To allow packets inside your loopback interface to travel without problem.
$sudo iptables -A INPUT -i lo -j ACCEPT
$sudo iptables -A OUTPUT -o lo -j ACCEPT
-A for append. You can also insert, delete or update with different switches.
-i for input interface. The interface that packets arrive at.
-o for output interface. The interface the packets travel through.
-j for jump. You can choose to accept, reject, drop, log etc. with a packet.
To allow DNS & DHCP packets to travel in & out your computer.
$sudo iptables -A INPUT -p udp --dport 67 -j ACCEPT
$sudo iptables -A INPUT -p tcp --dport 67 -j ACCEPT
$sudo iptables -A OUTPUT -p udp --dport 53 -j ACCEPT
$sudo iptables -A OUTPUT -p tcp --dport 53 -j ACCEPT
$sudo iptables -A OUTPUT -p udp --dport 68 -j ACCEPT
$sudo iptables -A OUTPUT -p tcp --dport 68 -j ACCEPT
-p for protocol.
Note: For larger packets TCP is used.
–dport for destination port.
To open SSH connection when your computer is a client.
$sudo iptables -A OUTPUT -p tcp --dport 22 -j ACCEPT
$sudo iptables -A INPUT -m conntrack --ctstate RELATED,ESTABLISHED -j ACCEPT
-m is a switch to use iptables’ extension (iptables-extension)
To allow SSH connection when your computer is a server.
$sudo iptables -A INPUT -p tcp --dport 22 -j ACCEPT
$sudo iptables -A OUTPUT -m conntrack --ctstate RELATED,ESTABLISHED -j ACCEPT
To be able to ping other computers, and let other computers ping yours, allow icmp packets.
$sudo iptables -A INPUT -p icmp -j ACCEPT
$sudo iptables -A OUTPUT -p icmp -j ACCEPT
To browse web pages.
$sudo iptables -A OUTPUT -p tcp --dport 80 -j ACCEPT
$sudo iptables -A OUTPUT -p tcp --dport 443 -j ACCEPT
This will open both HTTP and HTTPS traffic to go out of your system.
To apply NAT to your iptables.
$sudo iptables -t nat -A OUTPUT -p tcp --dport 22 --destination destination_IP -j DNAT --to-destination 123.123.123.123:4040
–destination flag will filter packets based on the destination IP address.
All outgoing traffic from your computer heading to IP address destination_IP port 22 will be sent to IP address 123.123.123.123 port 4040. This makes it possible for a NAT in the destination network to be accessible from outside that network.

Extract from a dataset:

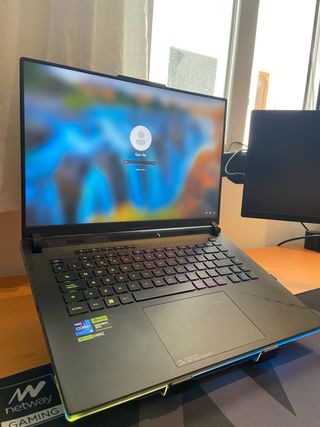 Portátil Asus ROG Strix Scar 16 Core i9-RTX4080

To forward every traffic from a specific interface to be routed through your computer without changing anything inside packet.
runtime configuration:
$sudo sysctl net.ipv4.ip_forward=1
persistency across reboots:
$sudo echo net.ipv4.ip_forward = 1 > /etc/sysctl.d/30-ip-forward.conf
$sudo iptables -A FORWARD -i wlan0 -j ACCEPT
$sudo iptables -t nat -A POSTROUTING -o eth0 -j MASQUERADE
Those are but a few commands to get started with IP-Tables, to get more about them:
$ man iptables
$ man iptables-extension
Log All Dropped Input Packets
iptables -N LOGGING
iptables -A INPUT -j LOGGING
iptables -A LOGGING -m limit --limit 2/min -j LOG --log-prefix "IPTables-Dropped: " --log-level 4
iptables -A LOGGING -j DROP
- ptables -N LOGGING: Create a new chain called LOGGING
- iptables -A INPUT -j LOGGING: All the remaining incoming packets will jump to the LOGGING chain
- line#3: Log the incoming packets to syslog (/var/log/messages). This line is explained below in detail.
- iptables -A LOGGING -j DROP: Finally, drop all the packets that came to the LOGGING chain. i.e now it really drops the incoming packets.